From: "Hayato Kuroda (Fujitsu)" <kuroda(dot)hayato(at)fujitsu(dot)com>
To: 'Amit Kapila' <amit(dot)kapila16(at)gmail(dot)com>, Julien Rouhaud <rjuju123(at)gmail(dot)com>
Cc: Masahiko Sawada <sawada(dot)mshk(at)gmail(dot)com>, PostgreSQL Hackers <pgsql-hackers(at)lists(dot)postgresql(dot)org>, vignesh C <vignesh21(at)gmail(dot)com>
Subject: RE: [PoC] pg_upgrade: allow to upgrade publisher node
Date: 2023-08-07 10:53:19
Message-ID: TYAPR01MB5866455A1654D621571DBD24F50CA@TYAPR01MB5866.jpnprd01.prod.outlook.com
Views: Raw Message | Whole Thread | Download mbox | Resend email
Thread:
Lists: pgsql-hackers

Dear Amit, Julien,

> > > >
> > > > Unless I'm missing something I don't see what prevents something to
> connect
> > > > using the replication protocol and issue any query or even create new
> > > > replication slots?
> > > >
> > >
> > > I think the point is that if we have any slots where we have not
> > > consumed the pending WAL (other than the expected like
> > > SHUTDOWN_CHECKPOINT) or if there are invalid slots then the upgrade
> > > won't proceed and we will request user to remove such slots or ensure
> > > that WAL is consumed by slots.

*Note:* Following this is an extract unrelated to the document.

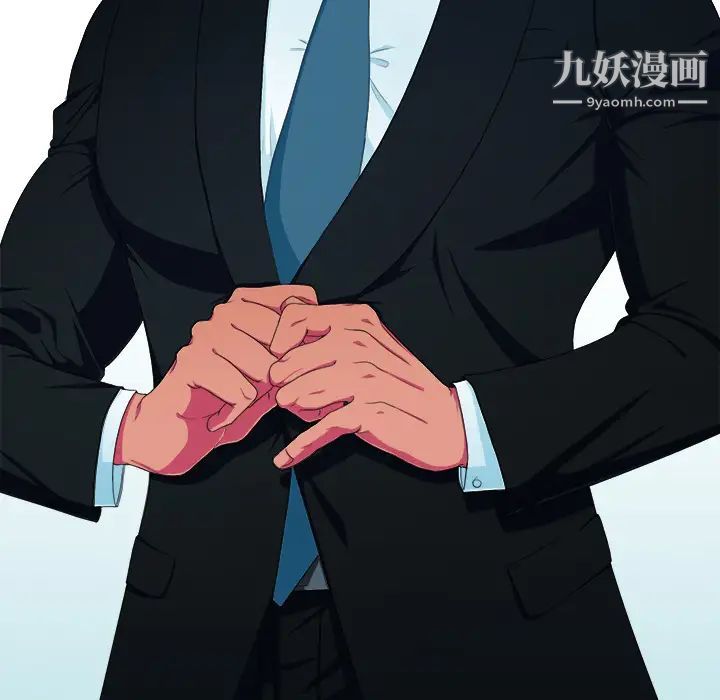 似同非同第1话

So, I think in the case you mentioned,
> > > the upgrade won't succeed.
> >
> > What if new slots are added while the old instance is started in the middle of
> > pg_upgrade, *after* the various checks are done?
> >
>
> They won't be copied but I think that won't be any different than
> other objects like tables. Anyway, I have another idea which is to not
> allow creating slots during binary upgrade unless one specifically
> requests it by having an API like binary_upgrade_allow_slot_create()
> similar to existing APIs binary_upgrade_*.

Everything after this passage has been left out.